Captioned web image data:
============

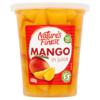Natures Finest Mango In Juice 400G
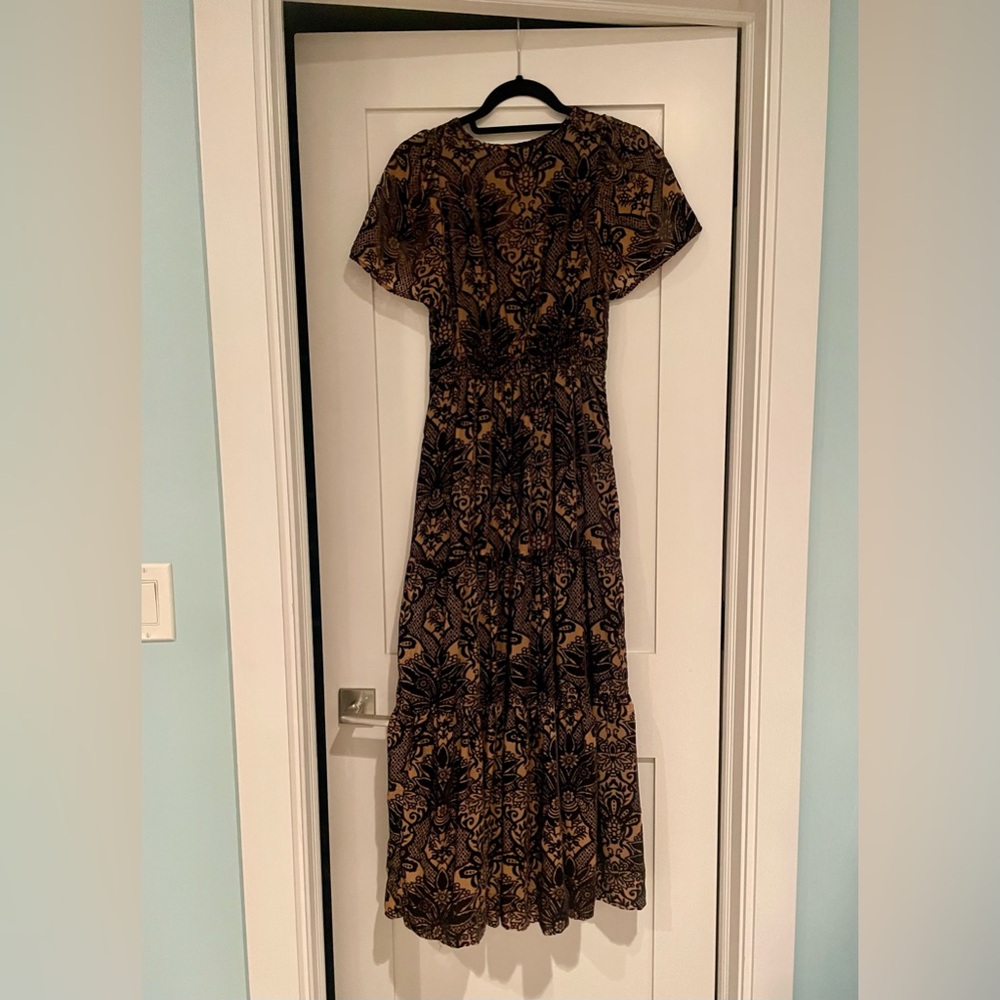 Anthropologie | Tan and Black Velvet Maxi Dress - Picture 3 of 14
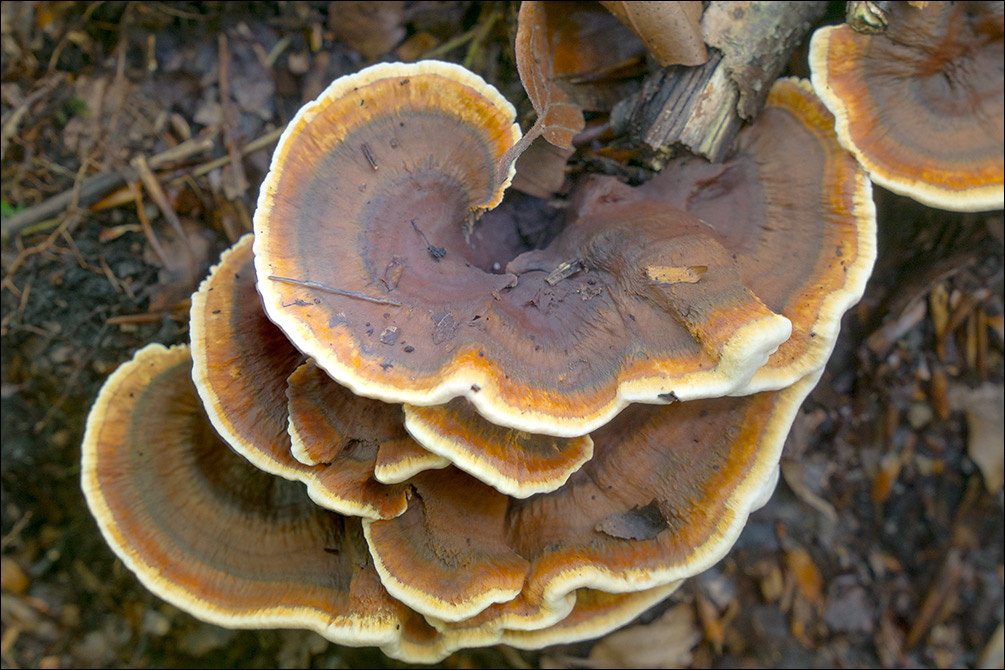 Hydnellum concrescens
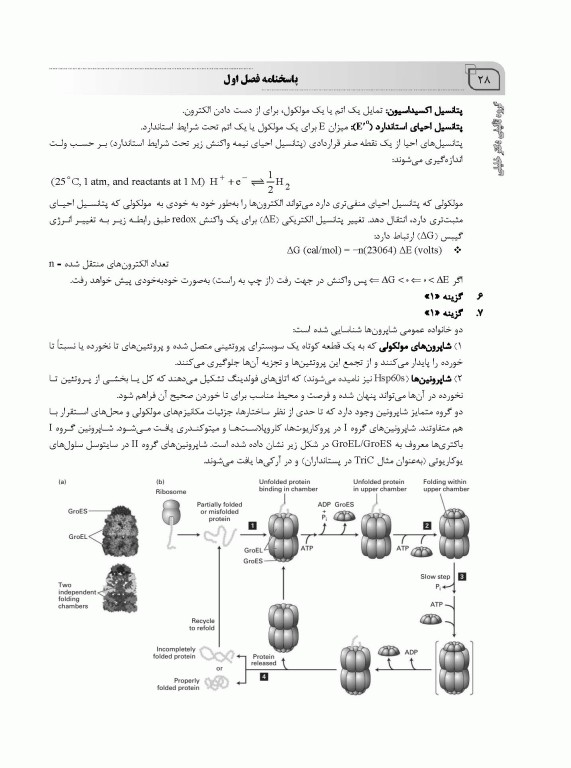 بانک سوالات IQB پلاس زیست‌شناسی سلولی و مولکولی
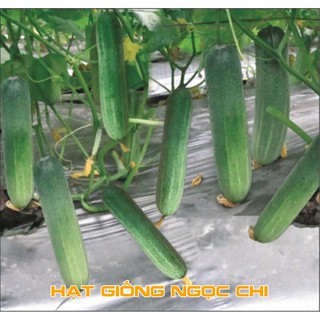 Hạt giống Dưa Chuột Nếp Ta - 10 Hạt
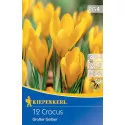 Krokus Yellow Giant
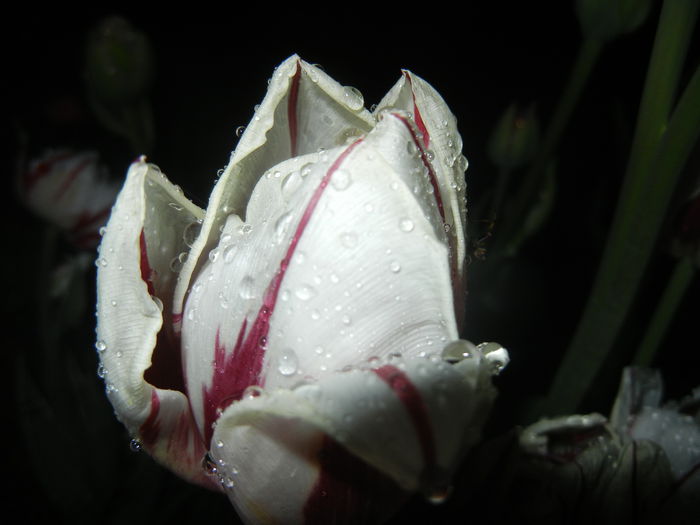 Tulipa Happy Generation (2015, April 27)
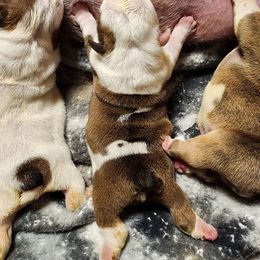 Boy 3 - Red and white male Bulldog puppy in Hillsdale County, Michigan from KZ Bullies LLC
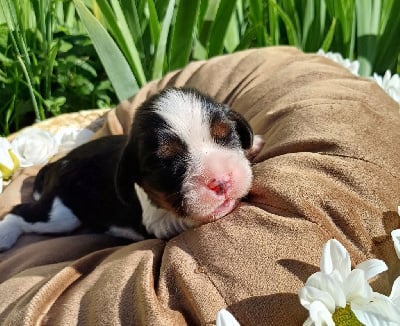 Les chiots de Cavalier King Charles Spaniel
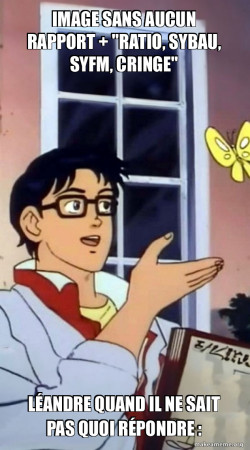 is this a butterfly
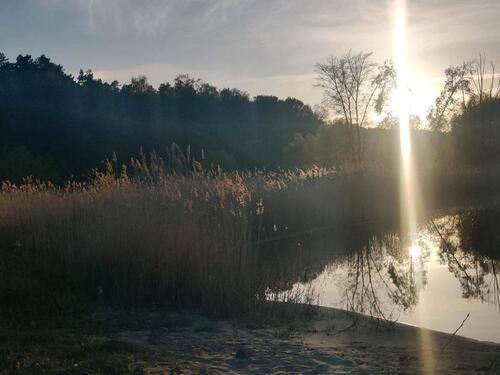 Foto - Sonnige 3-Zimmer-Wohnung in ruhiger Wohnsiedlung in Walmsburg
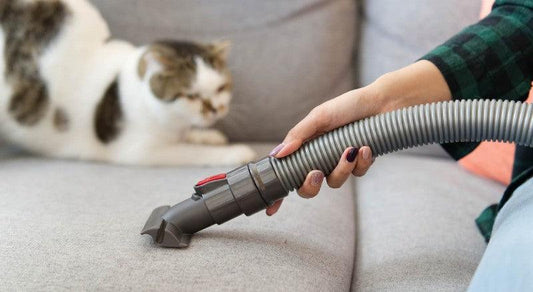 Làm thế nào để giữ nhà luôn sạch sẽ khi nuôi mèo? - Paddy Pet Shop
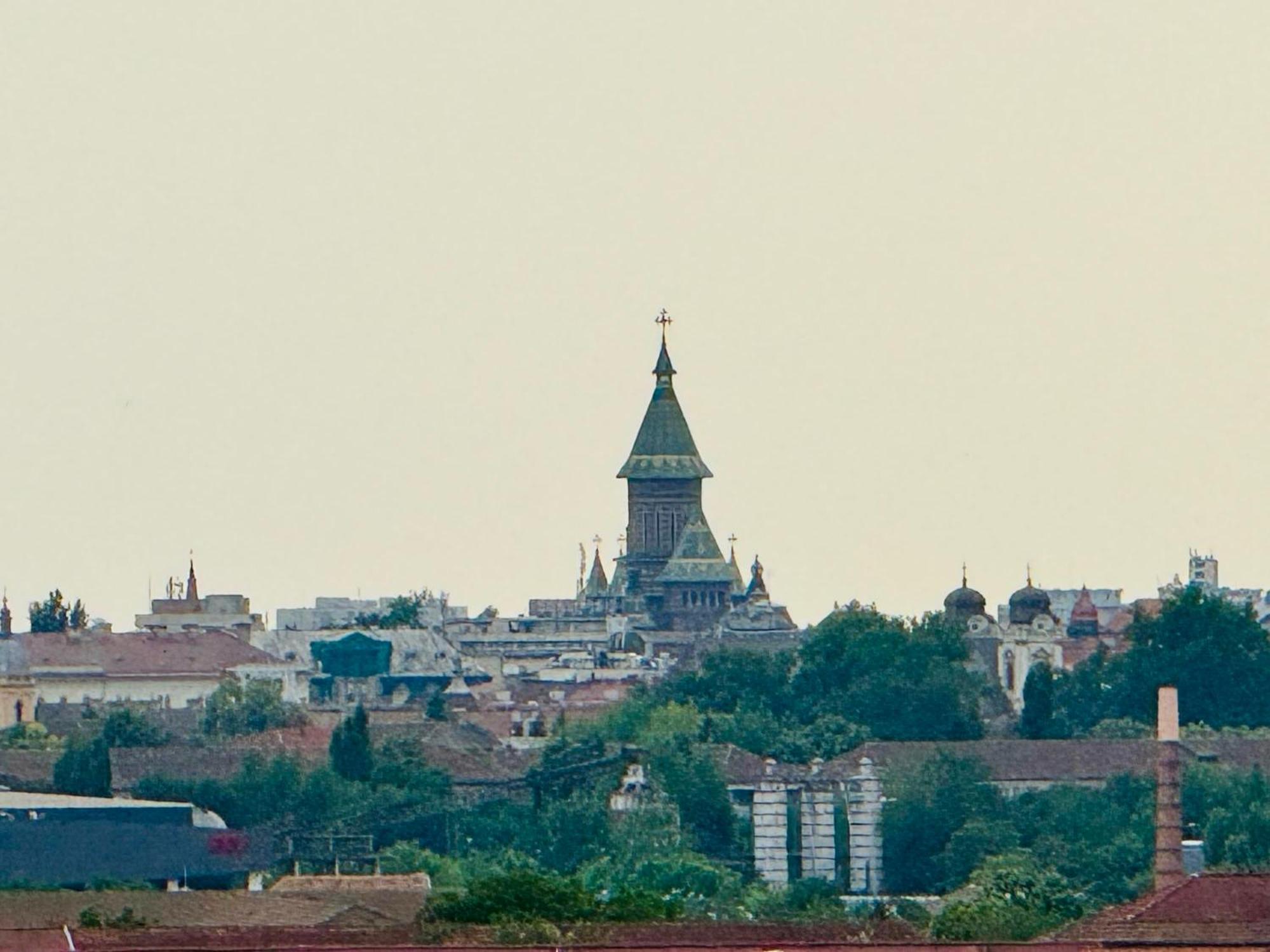 Joy City Stay Forest 84 Timişoara Buitenkant foto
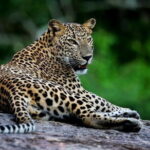 Galle/Mirissa/Tangalle: Transfer to Ella & Yala/Udawalawa Safari - Who Is This Tour Perfect For?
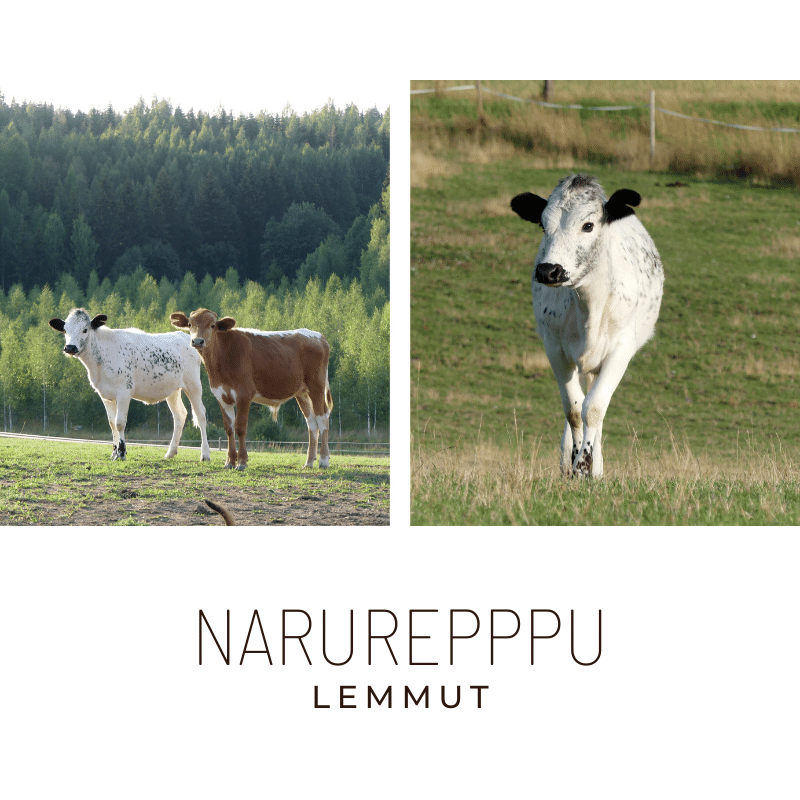Narureppu lemmut
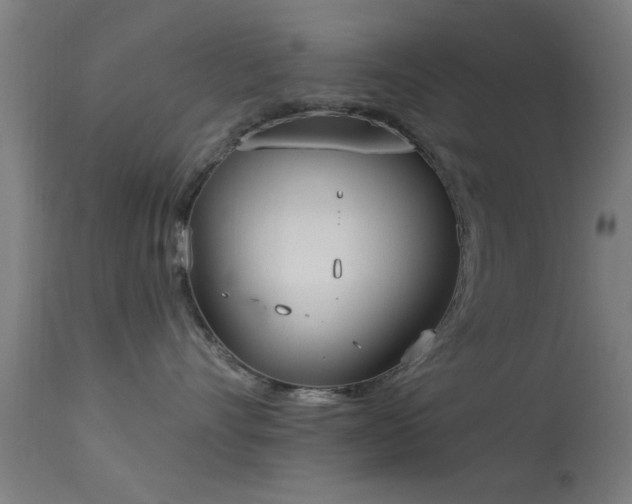 X0000113360528200909221202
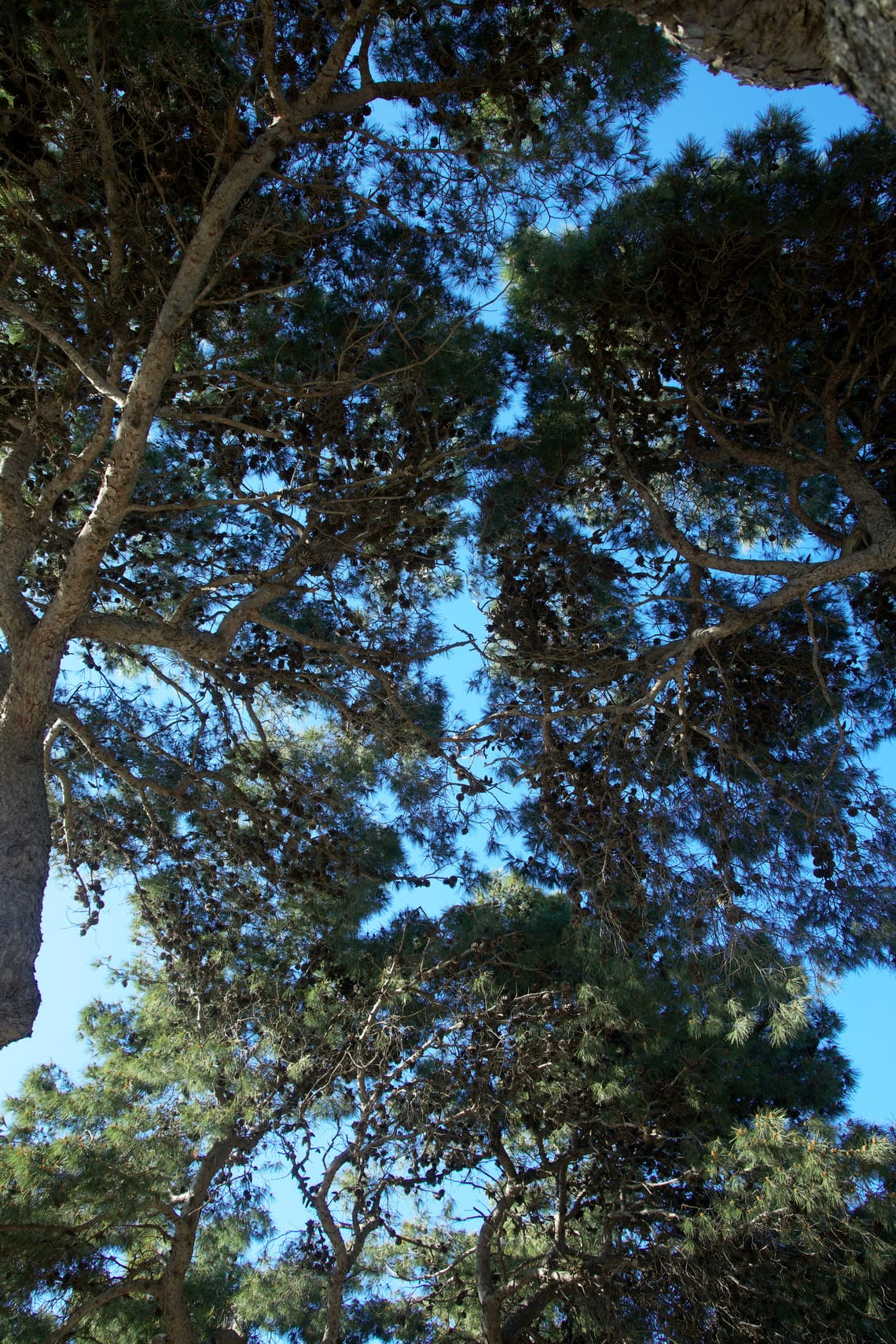 Rabat, Malta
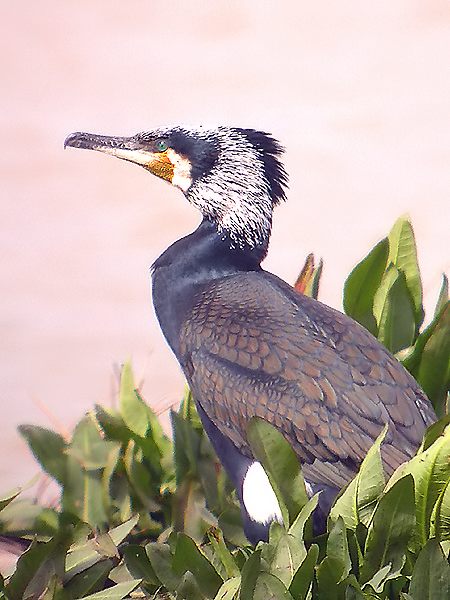 Corb marí gros en plomatge nupcial (Phalacrocorax carbo)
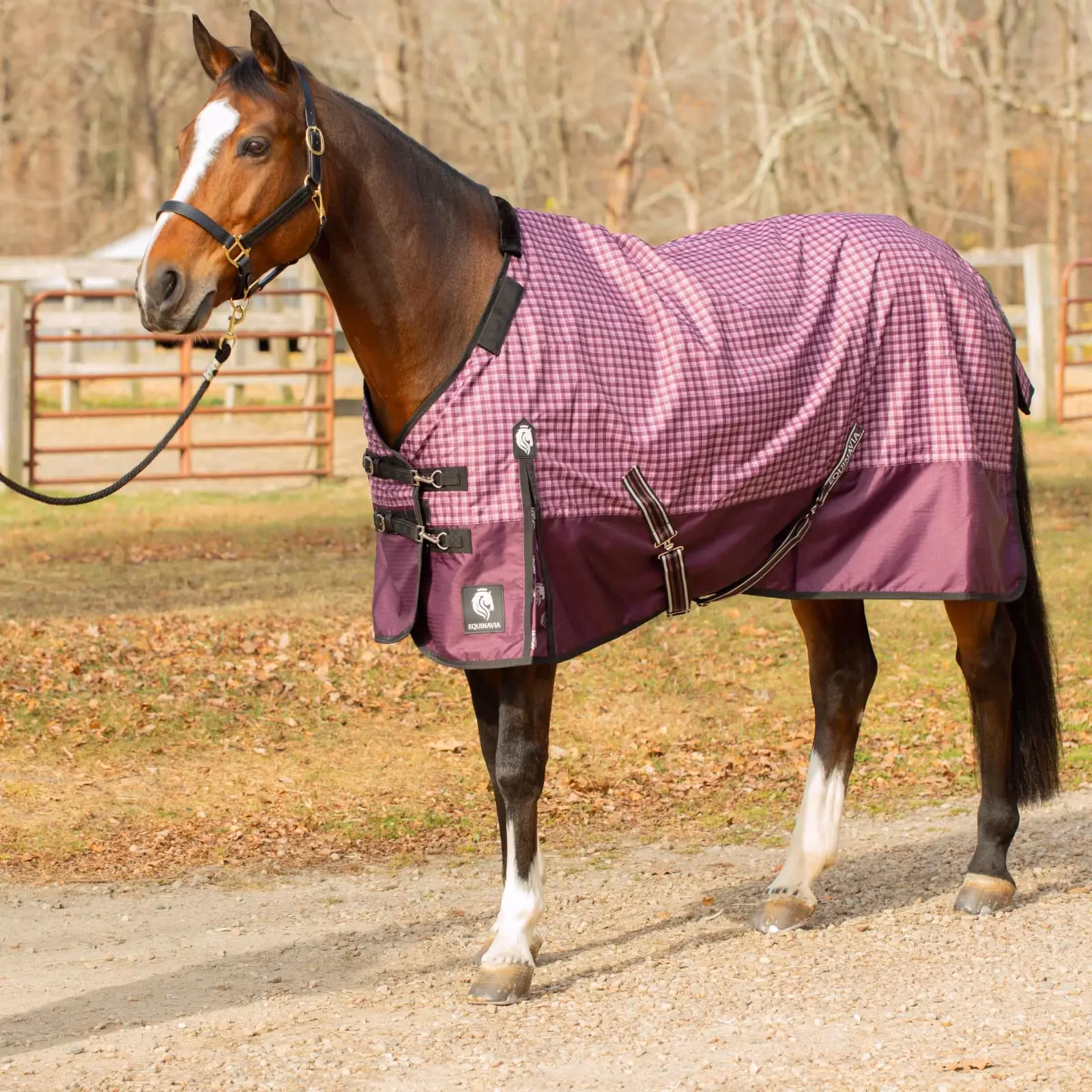 Equinavia Norse Lightweight Turnout Blanket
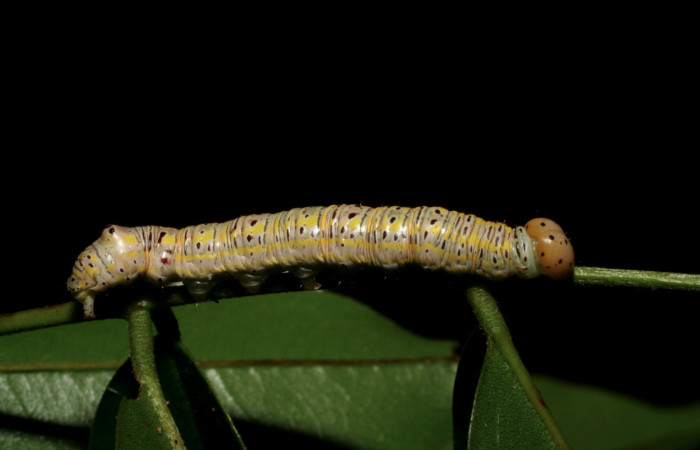Figura 8. Larva <i>Apela neobule</i></i> (Notodontidae), cuarto estadio posición dorsal , mide 35 mm aproximadamente. Planta hospedera <i>Dioclea malacocarpa</i></i> (Fabaceae). Voucher: 06-SRNP-55110-DHJ409522.jpg.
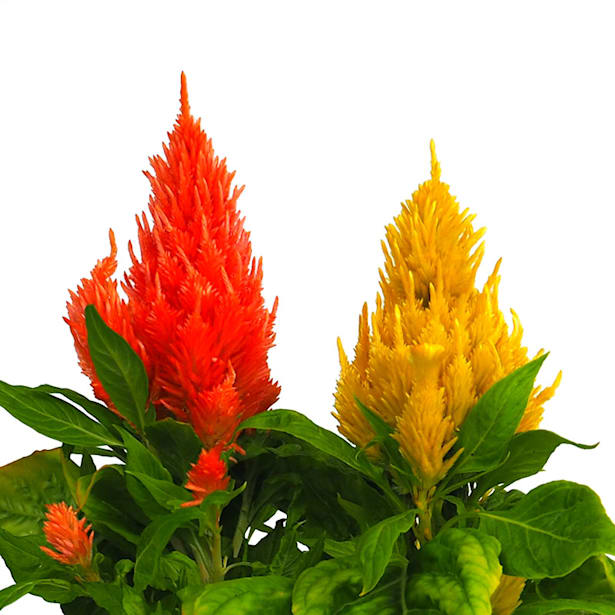 Celosia argentea plumosa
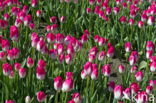 Tulp (Tulipa)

============

Task to complete ▸
A faithful copy of each entry is required, and no picture may be carried into it.

Answer box ▸
Natures Finest Mango In Juice 400G
 Anthropologie | Tan and Black Velvet Maxi Dress - Picture 3 of 14
 Hydnellum concrescens
 بانک سوالات IQB پلاس زیست‌شناسی سلولی و مولکولی
 Hạt giống Dưa Chuột Nếp Ta - 10 Hạt
 Krokus Yellow Giant
 Tulipa Happy Generation (2015, April 27)
 Boy 3 - Red and white male Bulldog puppy in Hillsdale County, Michigan from KZ Bullies LLC
 Les chiots de Cavalier King Charles Spaniel
 is this a butterfly
 Foto - Sonnige 3-Zimmer-Wohnung in ruhiger Wohnsiedlung in Walmsburg
 Làm thế nào để giữ nhà luôn sạch sẽ khi nuôi mèo? - Paddy Pet Shop
 Joy City Stay Forest 84 Timişoara Buitenkant foto
 Galle/Mirissa/Tangalle: Transfer to Ella & Yala/Udawalawa Safari - Who Is This Tour Perfect For?
Narureppu lemmut
 X0000113360528200909221202
 Rabat, Malta
 Corb marí gros en plomatge nupcial (Phalacrocorax carbo)
 Equinavia Norse Lightweight Turnout Blanket
Figura 8. Larva <i>Apela neobule</i></i> (Notodontidae), cuarto estadio posición dorsal , mide 35 mm aproximadamente. Planta hospedera <i>Dioclea malacocarpa</i></i> (Fabaceae). Voucher: 06-SRNP-55110-DHJ409522.jpg.
 Celosia argentea plumosa
 Tulp (Tulipa)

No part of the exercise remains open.